## About this task
From the line that contains "Способы лечения нарушения" to the final line below, both included, print each line exactly and skip the pictures.

(Web page caption snippets)
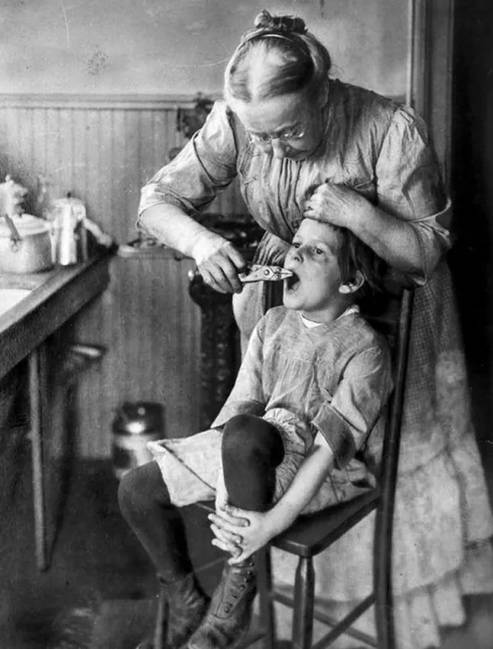 Tooth Extraction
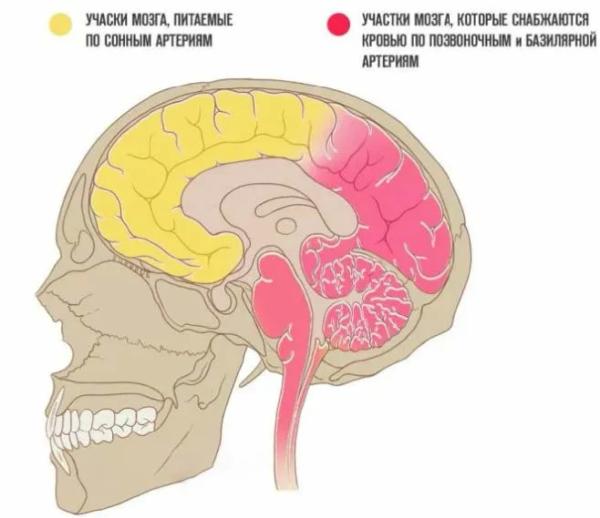 Способы лечения нарушения мозгового кровообращения при шейном остеохондрозе
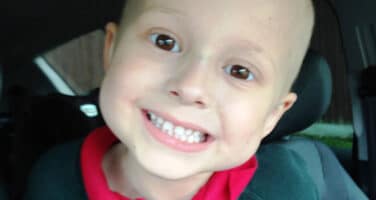 A child who started limping due to cancer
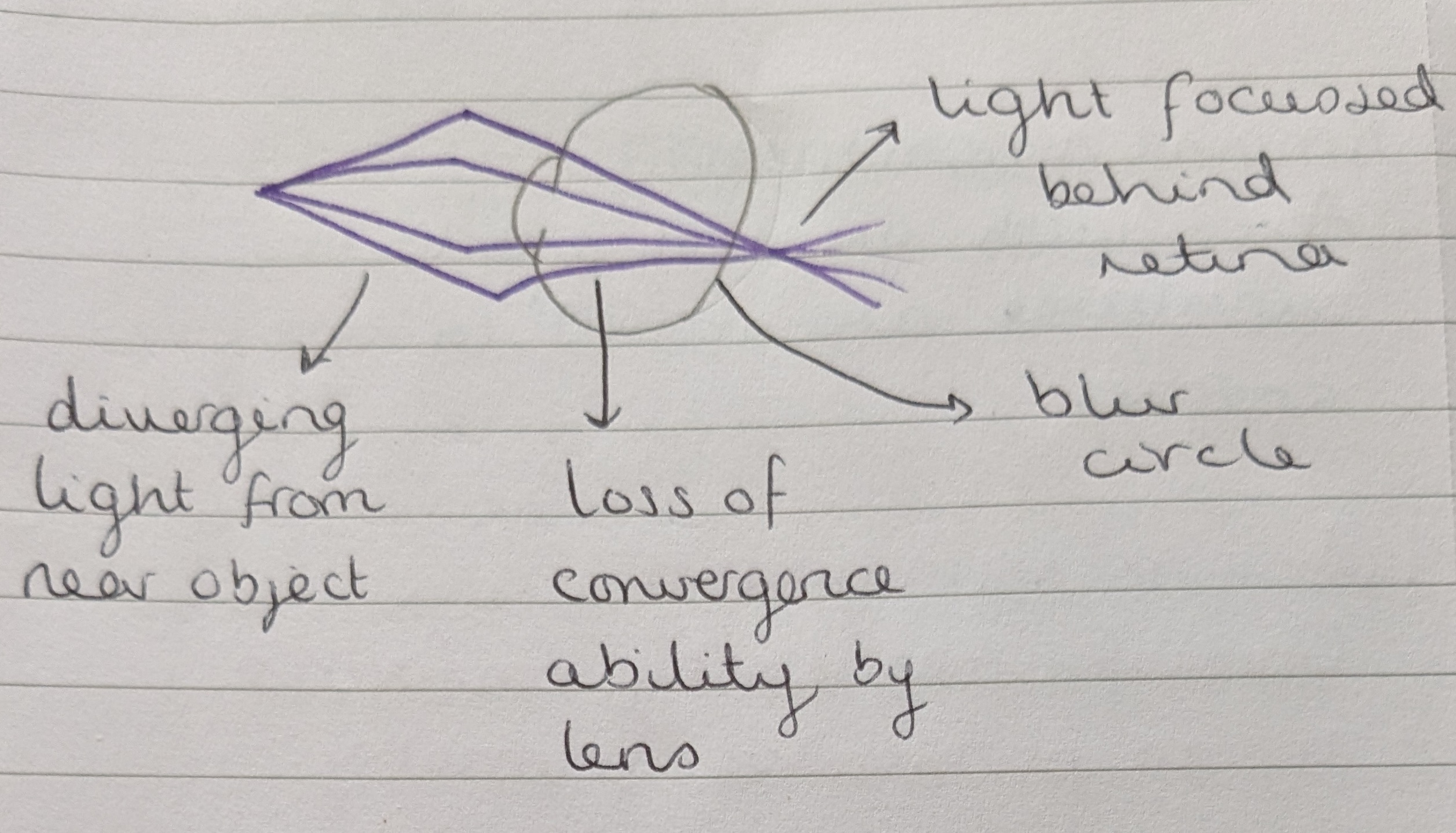<p>False - presbyopia is not a true refractive error, but instead a natural part of the aging process wherein the lens gradually loses its ability to adjust its power to near objects. </p>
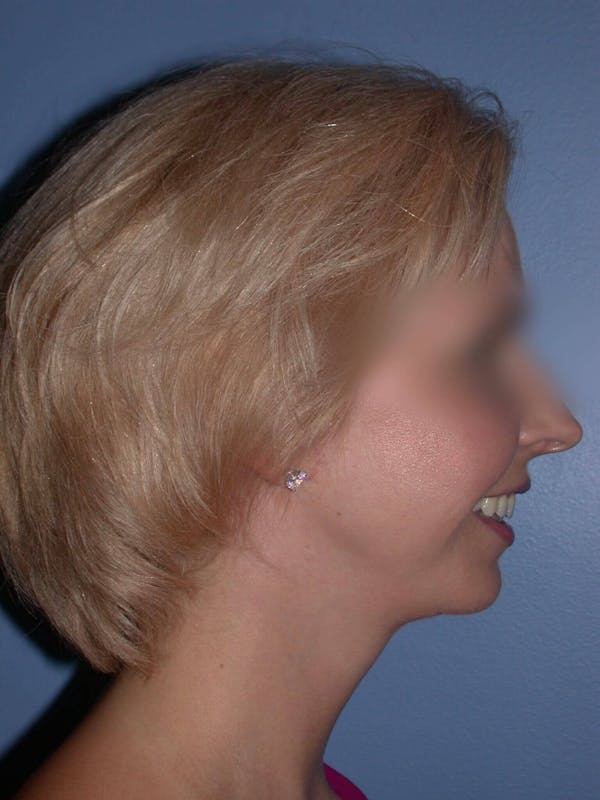 Neck Lift Gallery Before & After Gallery - Patient 4757158 - Image 4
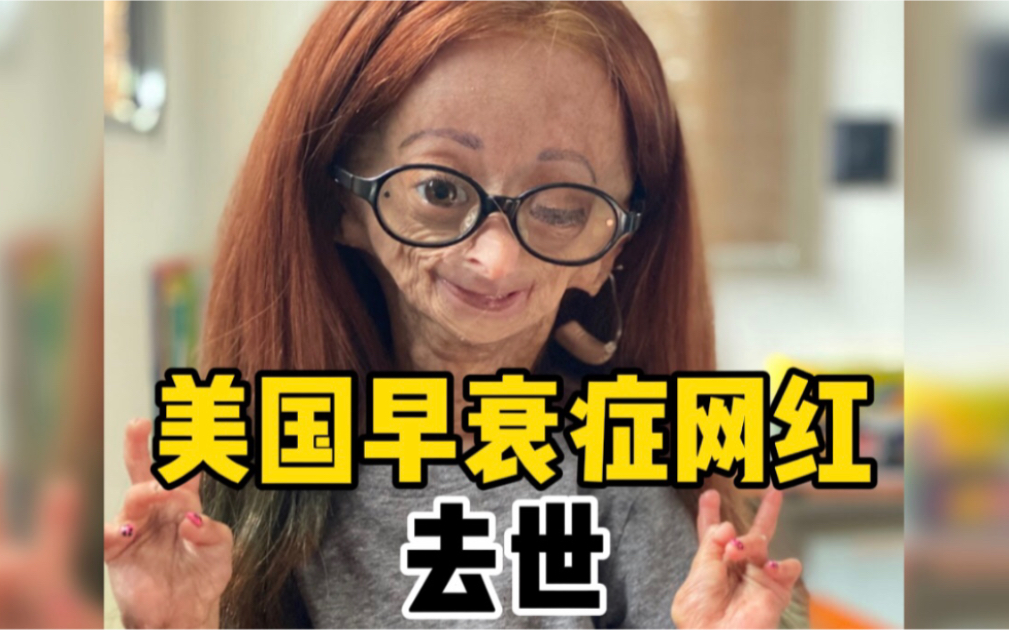 美国15岁小网红因早衰症去世：拥有1500万粉丝，美妆视频曾鼓舞无数人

## Reply to the task
 Способы лечения нарушения мозгового кровообращения при шейном остеохондрозе
 A child who started limping due to cancer
<p>False - presbyopia is not a true refractive error, but instead a natural part of the aging process wherein the lens gradually loses its ability to adjust its power to near objects. </p>
 Neck Lift Gallery Before & After Gallery - Patient 4757158 - Image 4
 美国15岁小网红因早衰症去世：拥有1500万粉丝，美妆视频曾鼓舞无数人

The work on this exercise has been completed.